◆ **TASK ITEM**
Only the lines below from the one containing "Дверь входная деревянная" through the last line should be set down, exactly as written and with no pictures.

◆ **THE DATA**
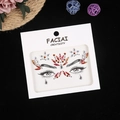 Détail de pierres faciales colorées en résine florale sur un emballage carton pro - Rouge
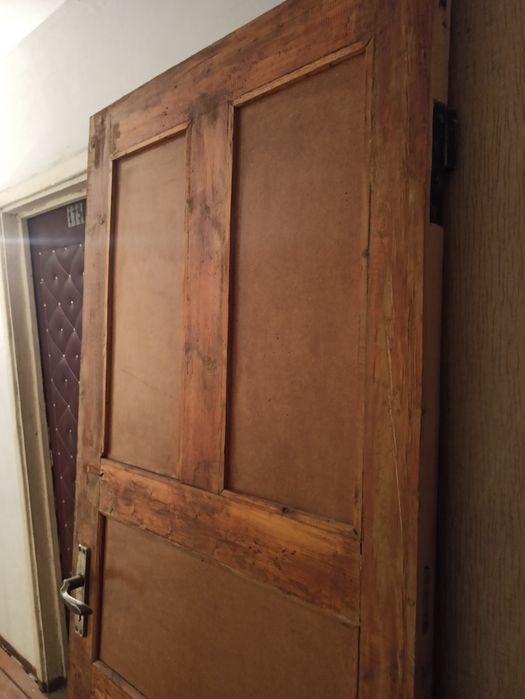 Дверь входная деревянная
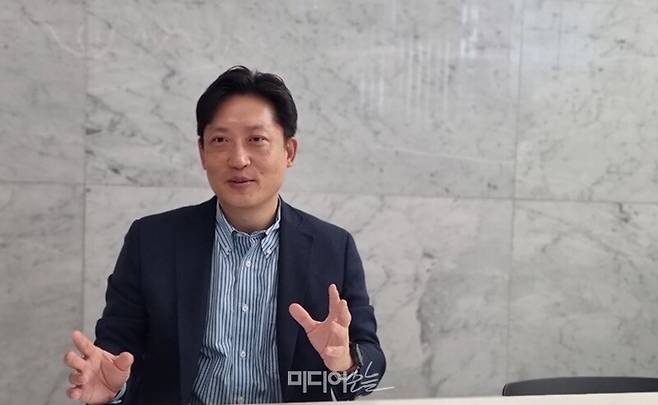 ▲정명원 SBS 디지털뉴스제작부장이 지난달 31일 서울 양천구 SBS 사옥에서 인터뷰하고 있다. 사진=박서연 기자.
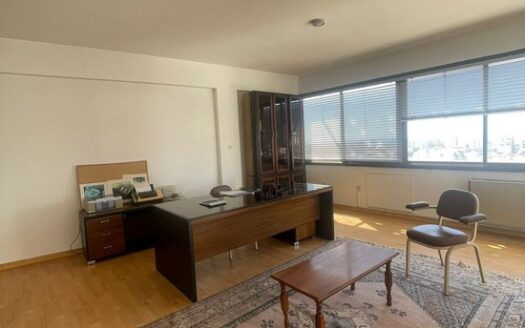 Office 112m2 on a high floor in Agia Zoni city center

◆ **ANSWER BOX**
 Дверь входная деревянная
 ▲정명원 SBS 디지털뉴스제작부장이 지난달 31일 서울 양천구 SBS 사옥에서 인터뷰하고 있다. 사진=박서연 기자.
 Office 112m2 on a high floor in Agia Zoni city center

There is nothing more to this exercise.